Peki bu büyük film ve dizi tüketiminin bizde, birey olarak ve toplum olarak nasıl bir etkisi var? Ve davranışımıza nasıl müdahale edebilirler? Bu bizim çevrimiçi kumarhane takım öğrenmek istiyor.

Bazıları, filmlerin ve TV şovlarının giyinme şeklimizi, ne yediğimizi ve nasıl konuştuğumuzu etkilediğini söylüyor. Diğerleri, ne satın alacağımız, nereye seyahat edeceğimiz veya ne tür müzik dinlediğimiz olsun, arzularımızı uyandırdıklarını söylüyorlar. Ve fikirlerimizin ve bunların nasıl değiştiğinin bile hayatımızın belirli bir noktasında izlediğimiz şeyle bağlantılı olabileceğini iddia edenler var.

İlk başta biraz fazla görünüyor, değil mi? Ancak, Sao Paulo Eyalet Üniversitesi’nden (Unesp) Klinik Psikolog ve PsyD’ye göre, dizi ve filmler sadece bizi etkilemiyor, bir bütün olarak kişiliğimizi şekillendirmeye yardımcı oluyor.

Perez, “İnsanlar dünya ile etkileşime girerek oldukları gibi olurlar” diyor. “Bir şeyler yapmak, bir şeyler üretmek, bir şeyler tüketmek, diğer insanlarla ilişki kurmak.
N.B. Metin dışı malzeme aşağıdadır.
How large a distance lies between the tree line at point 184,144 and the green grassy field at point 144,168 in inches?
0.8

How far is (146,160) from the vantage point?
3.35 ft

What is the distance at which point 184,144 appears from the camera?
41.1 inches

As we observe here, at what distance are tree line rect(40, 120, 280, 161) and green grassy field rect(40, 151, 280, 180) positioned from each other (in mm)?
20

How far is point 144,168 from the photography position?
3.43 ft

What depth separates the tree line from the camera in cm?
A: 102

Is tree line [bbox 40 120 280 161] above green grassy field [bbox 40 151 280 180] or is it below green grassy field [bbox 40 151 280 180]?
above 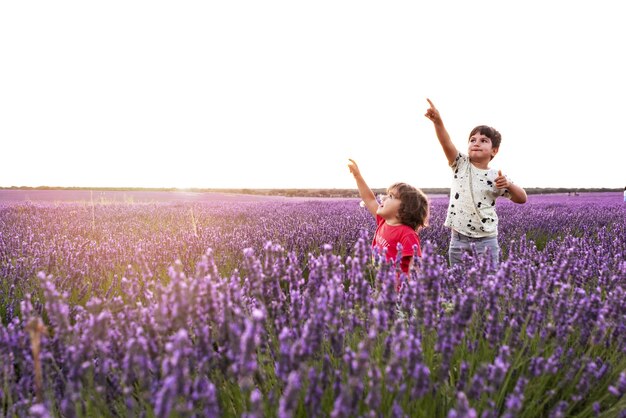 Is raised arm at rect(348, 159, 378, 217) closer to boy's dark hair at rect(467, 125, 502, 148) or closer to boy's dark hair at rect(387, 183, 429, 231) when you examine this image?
boy's dark hair at rect(387, 183, 429, 231)

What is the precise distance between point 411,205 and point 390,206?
0.17 m

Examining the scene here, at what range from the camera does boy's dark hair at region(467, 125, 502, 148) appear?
13.1 ft

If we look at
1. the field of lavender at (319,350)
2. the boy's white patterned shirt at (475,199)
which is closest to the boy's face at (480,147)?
the boy's white patterned shirt at (475,199)

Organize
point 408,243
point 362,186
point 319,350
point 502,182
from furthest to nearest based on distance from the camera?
point 362,186 → point 502,182 → point 408,243 → point 319,350

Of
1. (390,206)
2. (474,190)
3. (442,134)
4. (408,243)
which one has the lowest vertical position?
(408,243)

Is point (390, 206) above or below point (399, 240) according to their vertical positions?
above

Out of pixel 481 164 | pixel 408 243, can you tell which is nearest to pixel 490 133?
pixel 481 164

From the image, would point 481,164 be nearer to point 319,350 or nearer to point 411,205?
point 411,205

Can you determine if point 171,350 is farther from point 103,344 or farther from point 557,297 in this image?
point 557,297

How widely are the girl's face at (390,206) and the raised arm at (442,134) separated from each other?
74cm

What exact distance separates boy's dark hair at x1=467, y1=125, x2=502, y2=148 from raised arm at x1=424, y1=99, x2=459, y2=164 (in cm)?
21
Bu anlamda, medya ürünlerinin öznelliğimiz üzerinde doğrudan bir etkisi var.”

İşte bu yüzden, hit bir diziyi izledikten sonra ana karakterlerin bazı özelliklerini veya davranışlarını taklit etmeye başlayabiliriz.
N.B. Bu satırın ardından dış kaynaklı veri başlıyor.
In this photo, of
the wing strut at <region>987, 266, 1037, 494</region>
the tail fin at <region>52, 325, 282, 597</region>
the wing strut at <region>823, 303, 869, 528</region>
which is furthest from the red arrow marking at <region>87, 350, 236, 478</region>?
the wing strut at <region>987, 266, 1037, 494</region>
Perez, “Taklit doğal olarak gerçekleşir, çünkü insan sokulgan bir türdür” diyor. “Bu, doğal olarak sosyal olduğumuz anlamına geliyor ve başkalarının bize bakmasına, içlerinde neyin benzer olup olmadığını tespit etmesine ihtiyacımız var. TV şovları ve filmler öz-bilgi için bir dayanak görevi görüyor.”

Ama günlük hayatta durum gerçekten bu mu? Teoriyi aktarabilir ve kurguyu gerçeklikle birleştiren olgusal değişiklikleri gözlemleyebilir miyiz?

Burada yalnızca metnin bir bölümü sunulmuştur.